PSA Levels Explained: What the Numbers Mean at Every Stage of Prostate Cancer — Diagnosis, During Treatment, After Surgery, and on Active Surveillance
Your PSA result just came back and nobody explained what the number actually means. Or your PSA is rising after treatment and you cannot find a clear answer about what is normal and what is concerning. This guide covers PSA at every stage — what normal means at diagnosis, the grey zone, how to interpret PSA on active surveillance, what "undetectable" means after surgery, the Phoenix definition of recurrence after radiation, and how PSA behaves on hormone therapy.
By Gaf Healthcare Editorial Team
2026-05-26
PSA Levels Explained: What the Numbers Mean at Every Stage of Prostate Cancer — Diagnosis, During Treatment, After Surgery, and on Active Surveillance
Your PSA result just came back and nobody explained what the number actually means. Or your PSA is rising after treatment and you are trying to work out whether to panic.
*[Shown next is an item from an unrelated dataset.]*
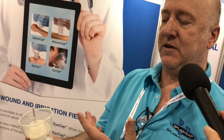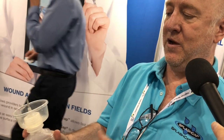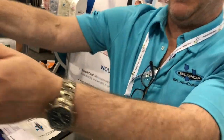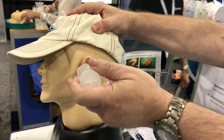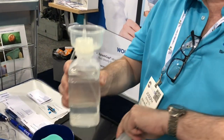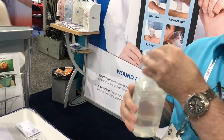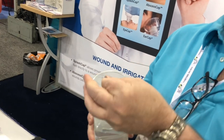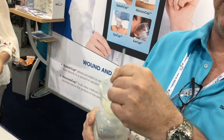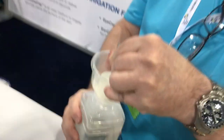There are a couple of different things about this product over any of the ear irrigation methods that have existed. Typically, when you're irrigating the ear, you'd have the patient lean over and squirt water into the ear pushing it down. But with the ear cap, you're going to put this tip into the ear — it's a flexible tip, and you can determine the length by just adjusting it yourself, because people have different depths and different shaped ear canals.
Or you have been on active surveillance for six months and your latest reading is slightly higher than the last one and you cannot find a clear answer about what change is meaningful and what is normal variation.
PSA — prostate-specific antigen — is the single most important blood test in prostate cancer management.
But the same number means completely different things depending on whether you are being screened for the first time, monitoring a low-grade cancer on active surveillance, recovering from surgery, or managing advanced disease on hormone therapy.
This guide explains PSA at every stage — what normal looks like, what concerning looks like, how to interpret a result in the specific context you are currently in, and what questions to ask your doctor when you are not sure what a number means.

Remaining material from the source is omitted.